In 1989, he received a Harvard Prize Fellowship to attend Harvard for a Semester to learn from some of the best mathematicians in the world. Most of the other recipients had graduate degrees and/or PhDs, while he just had an undergraduate degree from Kerosinka. He worked hard to prove that he belonged there with the fellowship.

He ended up staying in Boston for longer than a semester. He was able to get his PhD in just a year between 1990 and 1991. Below is his dissertation.

Frenkel, E. V. (1991). Affine Kac-Moody algebras at the critical level and quantum Drinfeld-Sokolov reduction.

After he gets his PhD, he works on the Langlands Program. This attempts to be a grand unified theory of mathematics. As noted at Wikipedia — “The Langlands program consists of some very complicated theoretical abstractions, which can be difficult even for specialist mathematicians to grasp.” Frenkel tries to explain some of the math in the program, and I caught some of it, but not very deeply. At the end of the book, he talks about the movie that he worked on, The Rites of Love and Math. The book was published in 2013, while the film came out in 2010, so the film preceded the book.

Here’s Looking at Euclid

Took me several months to finish this one, and I finally did a couple weeks ago. I particularly liked Chapter 4 the Life of Pie and Chapter 7, Secrets of Succession.

I’ve always like how pi has digits that go on forever, since it is an irrational number. The Secrets of Succession chapter covers sequences of numbers. It mentions the Online Encyclopedia of Integer Sequences, which I had never heard of before. For example, the Fibonacci sequence has many notes, while other sequences are not as full.

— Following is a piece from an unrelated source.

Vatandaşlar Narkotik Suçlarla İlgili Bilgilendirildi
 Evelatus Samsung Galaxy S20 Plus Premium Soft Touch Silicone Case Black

I am reading another book that connects numbers with physics, and I learned that Fibonacci was not his real name. “The man’s full name was Leonardo of Pisa, or Leonardo Pisano in Italian. He was born in about 1175 in Pisa, a Tuscan town famous for its Leaning Tower. The name Fibonacci [pronounced fib-on-ach-ee] is short for ‘filius Bonacci’ or ‘son of Bonacci.’”

Overall, if someone is mathematically inclined, it is a fun read.

Is God a Mathematician? – The book doesn’t answer that question

I recently read the book, Is God a Mathematician by Mario Livio. I picked it up at the JeffCo Libraries Whale of a Book Sale. I figured the book would not answer the question posed by the title, but I thought it would talk a little bit more about logical proofs for or against an all powerful being. In a way, I am glad that it did not do that. It was mostly on the question, is mathematics invented, or is it discovered?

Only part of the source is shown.